◆ WHAT IS EXPECTED
I'd like the listing below copied exactly, with the images left out.

◆ RECORDS PROVIDED
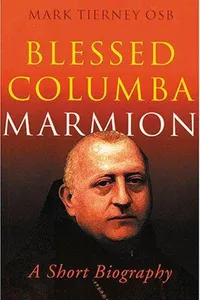 Blessed Columba Marmion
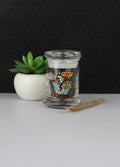 X-Small Pop Top Fire Bud | One Colour-Image 1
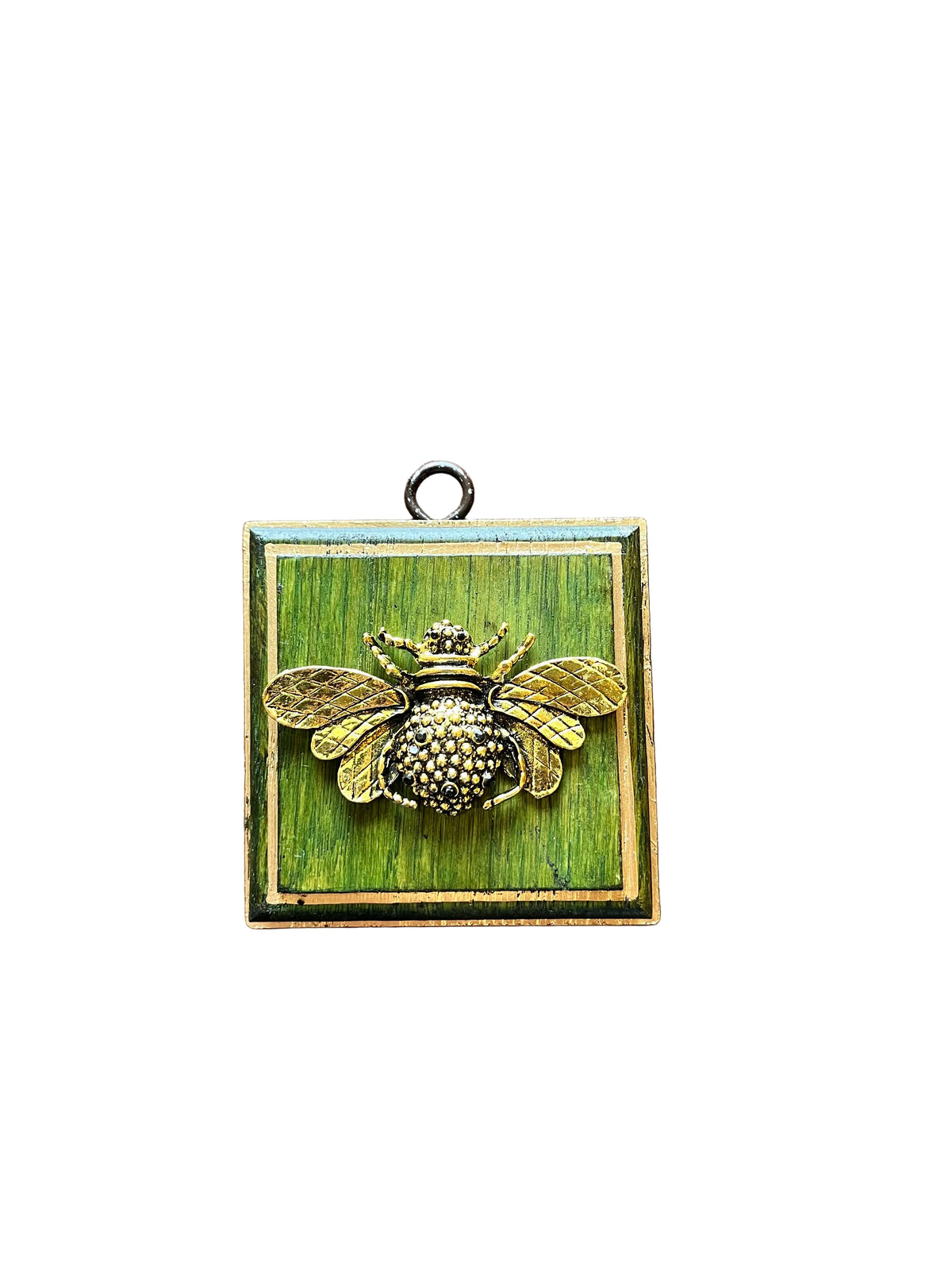 Museum Bees Frames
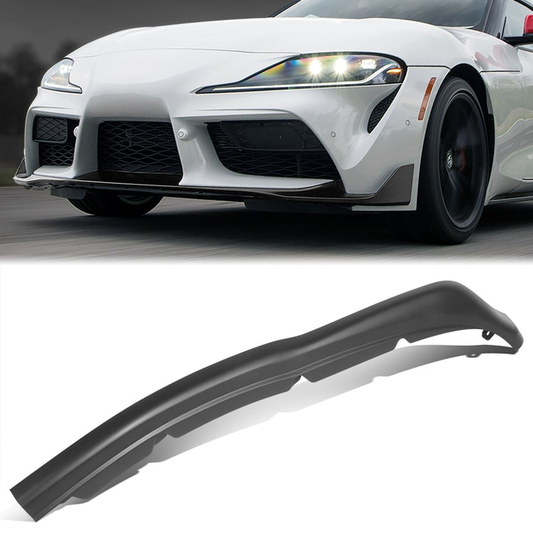 ACCESORIO DEFENSA FACIA DRIVER SIDE - 06-10 LEXUS IS250 / 06-10 LEXUS IS350 - FITS BASE - FITS DRIVER SIDE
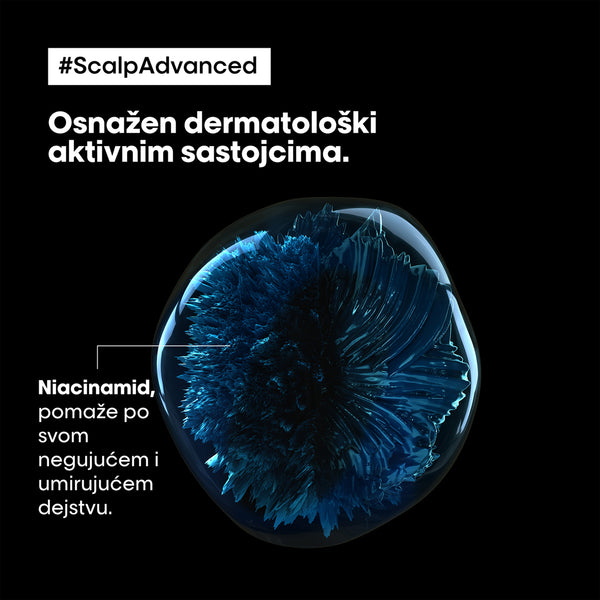 L'Oréal Professionnel Scalp Advanced regenerator za osetljiv skalp 200ml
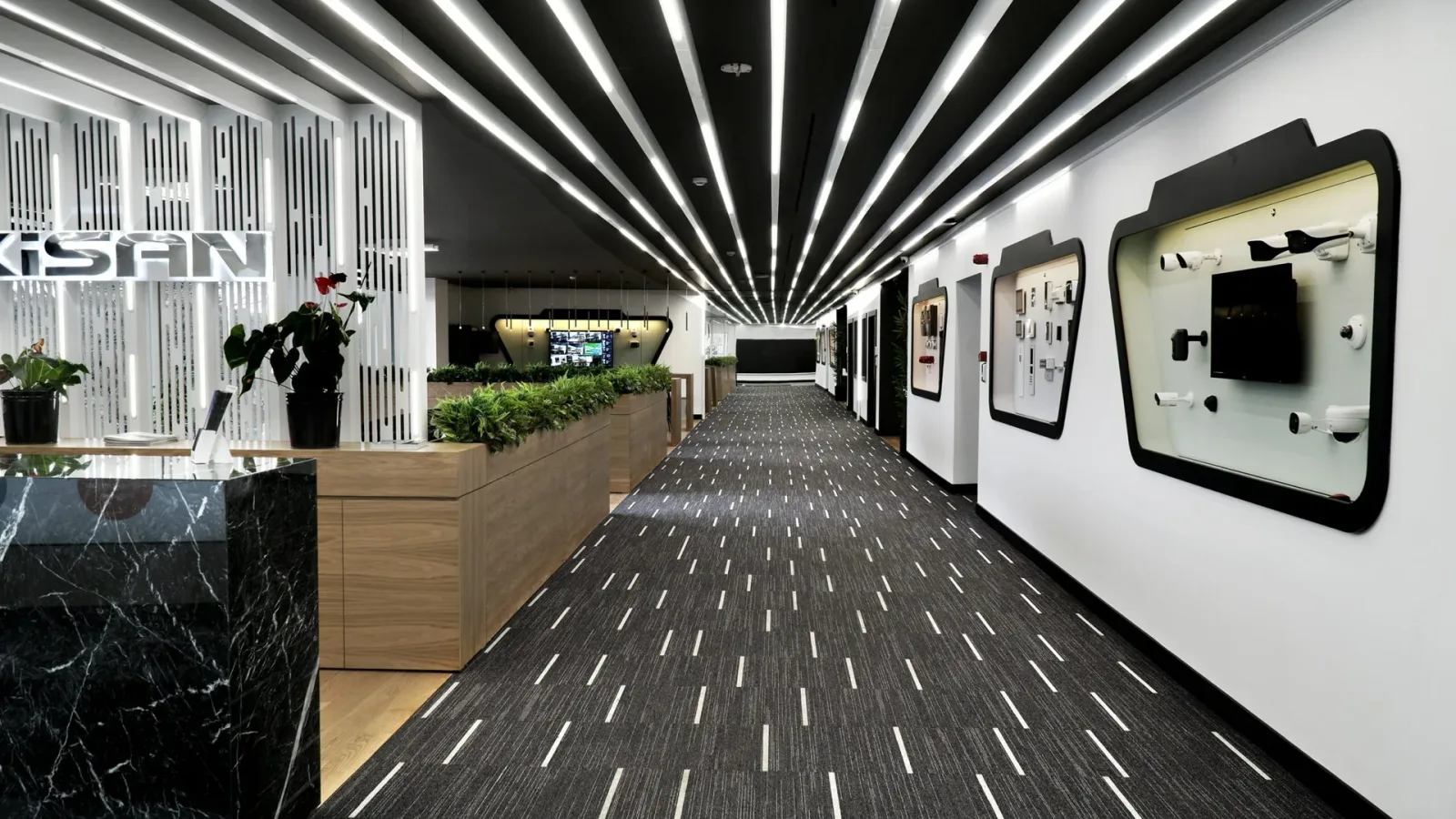 Okisan Office & Showroom 4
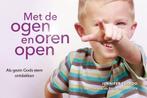 Met de ogen en oren open 9789490489182 Jennifer Toledo, Boeken, Verzenden, Zo goed als nieuw, Jennifer Toledo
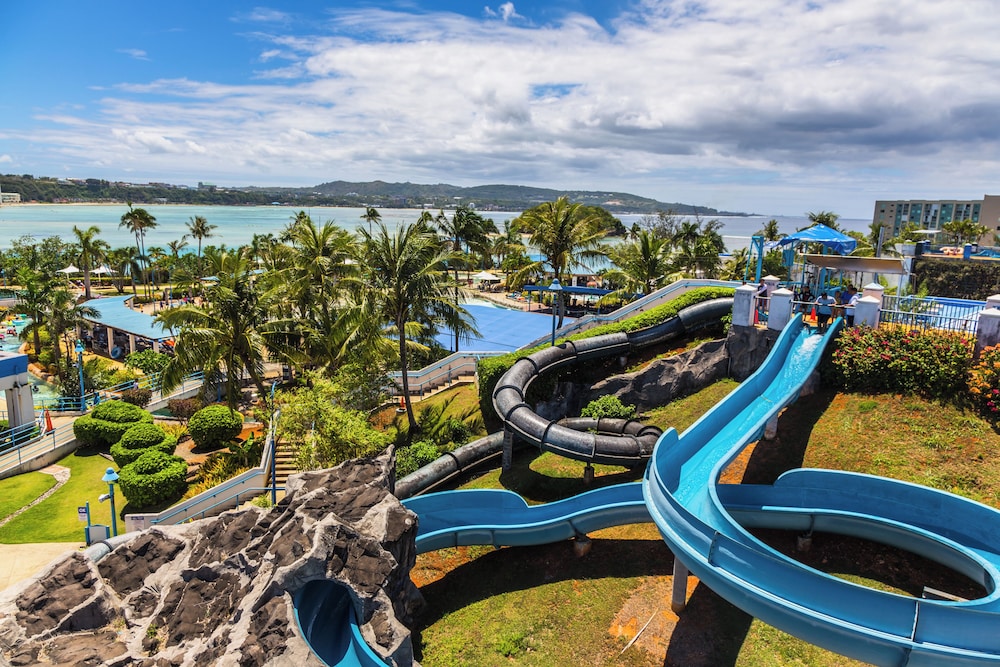 Hoshino Resorts RISONARE Guam 55/62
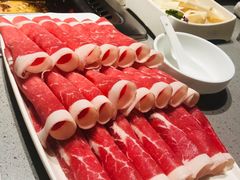 -海底捞火锅(海宁路店)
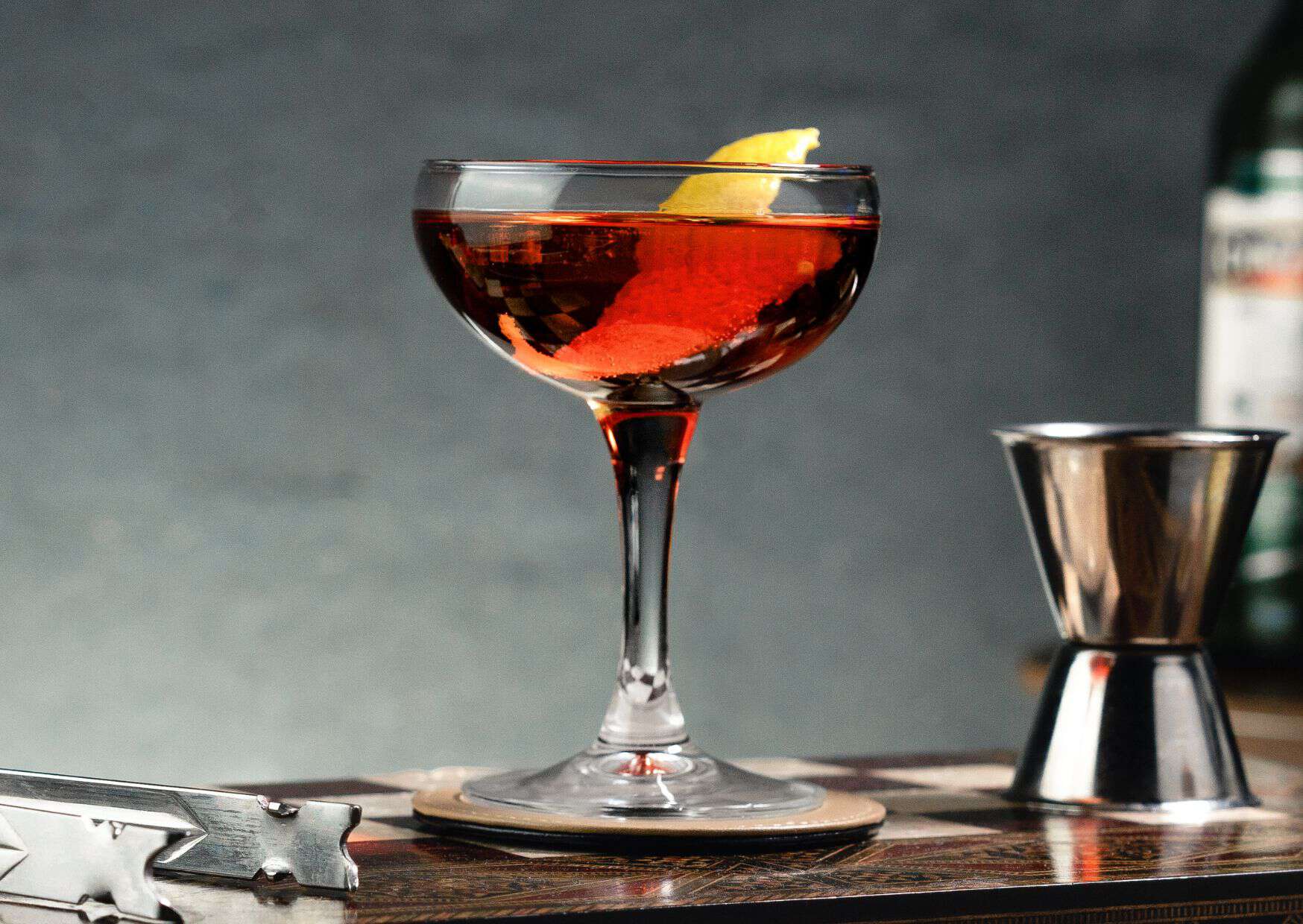 Rob Roy, 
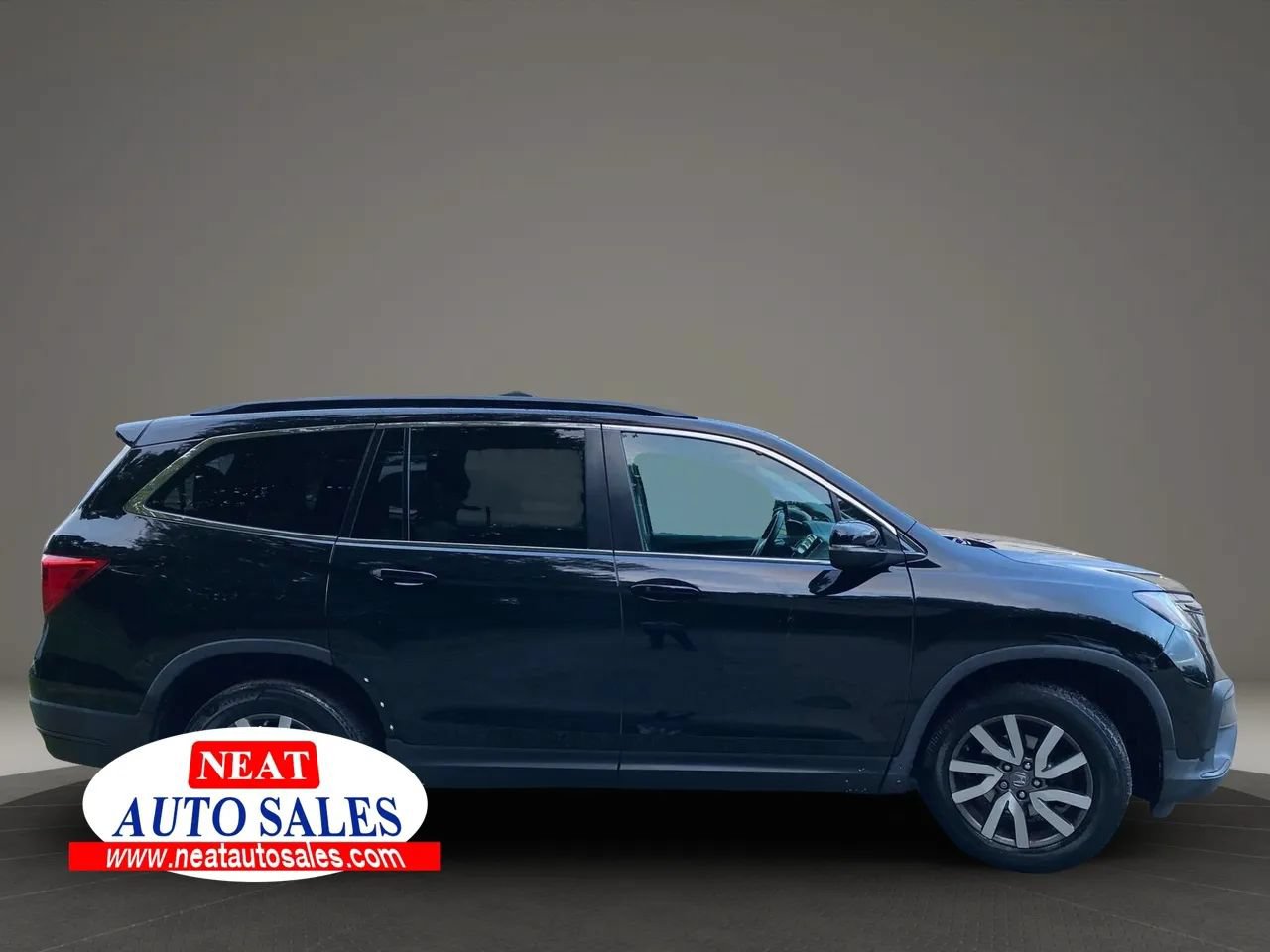 Used 2019 Honda Pilot EX-L image 5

◆ EXPECTED OUTPUT
 Blessed Columba Marmion
 X-Small Pop Top Fire Bud | One Colour-Image 1
 Museum Bees Frames
 ACCESORIO DEFENSA FACIA DRIVER SIDE - 06-10 LEXUS IS250 / 06-10 LEXUS IS350 - FITS BASE - FITS DRIVER SIDE
 L'Oréal Professionnel Scalp Advanced regenerator za osetljiv skalp 200ml
 Okisan Office & Showroom 4
 Met de ogen en oren open 9789490489182 Jennifer Toledo, Boeken, Verzenden, Zo goed als nieuw, Jennifer Toledo
 Hoshino Resorts RISONARE Guam 55/62
 -海底捞火锅(海宁路店)
 Rob Roy, 
 Used 2019 Honda Pilot EX-L image 5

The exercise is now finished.